• _What you should do_:
Reproduce the data below exactly as written. Pictures do not belong in the copy.

• _Dataset excerpt_:
—————

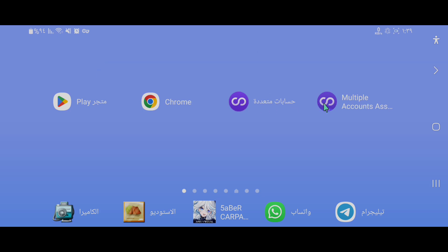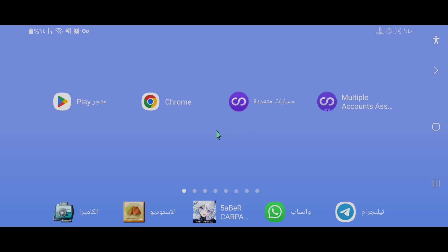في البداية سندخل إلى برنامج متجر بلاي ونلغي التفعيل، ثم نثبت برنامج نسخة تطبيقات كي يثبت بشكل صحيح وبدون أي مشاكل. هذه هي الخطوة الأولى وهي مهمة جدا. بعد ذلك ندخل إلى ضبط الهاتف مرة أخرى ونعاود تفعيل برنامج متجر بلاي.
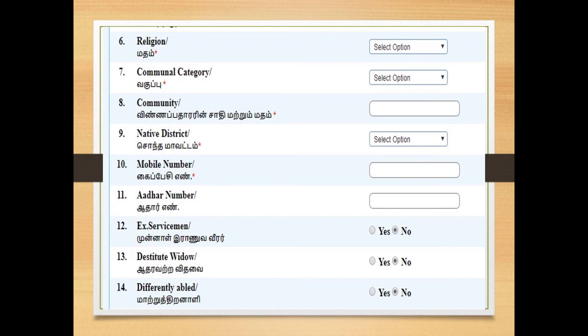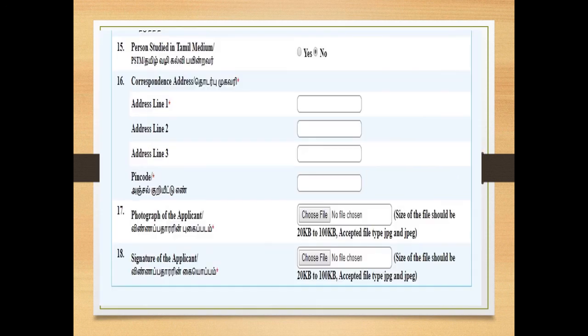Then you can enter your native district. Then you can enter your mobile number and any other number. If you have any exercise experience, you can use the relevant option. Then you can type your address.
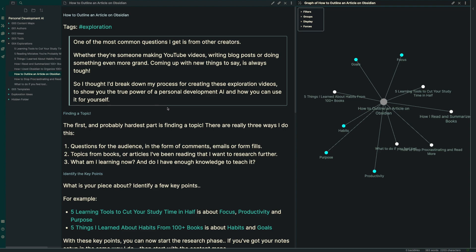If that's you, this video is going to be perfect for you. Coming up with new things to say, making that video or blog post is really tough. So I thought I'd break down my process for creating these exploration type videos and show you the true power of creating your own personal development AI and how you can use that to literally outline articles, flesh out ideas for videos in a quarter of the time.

—————

• _Written response_:
في البداية سندخل إلى برنامج متجر بلاي ونلغي التفعيل، ثم نثبت برنامج نسخة تطبيقات كي يثبت بشكل صحيح وبدون أي مشاكل. هذه هي الخطوة الأولى وهي مهمة جدا. بعد ذلك ندخل إلى ضبط الهاتف مرة أخرى ونعاود تفعيل برنامج متجر بلاي.
Then you can enter your native district. Then you can enter your mobile number and any other number. If you have any exercise experience, you can use the relevant option. Then you can type your address.
If that's you, this video is going to be perfect for you. Coming up with new things to say, making that video or blog post is really tough. So I thought I'd break down my process for creating these exploration type videos and show you the true power of creating your own personal development AI and how you can use that to literally outline articles, flesh out ideas for videos in a quarter of the time.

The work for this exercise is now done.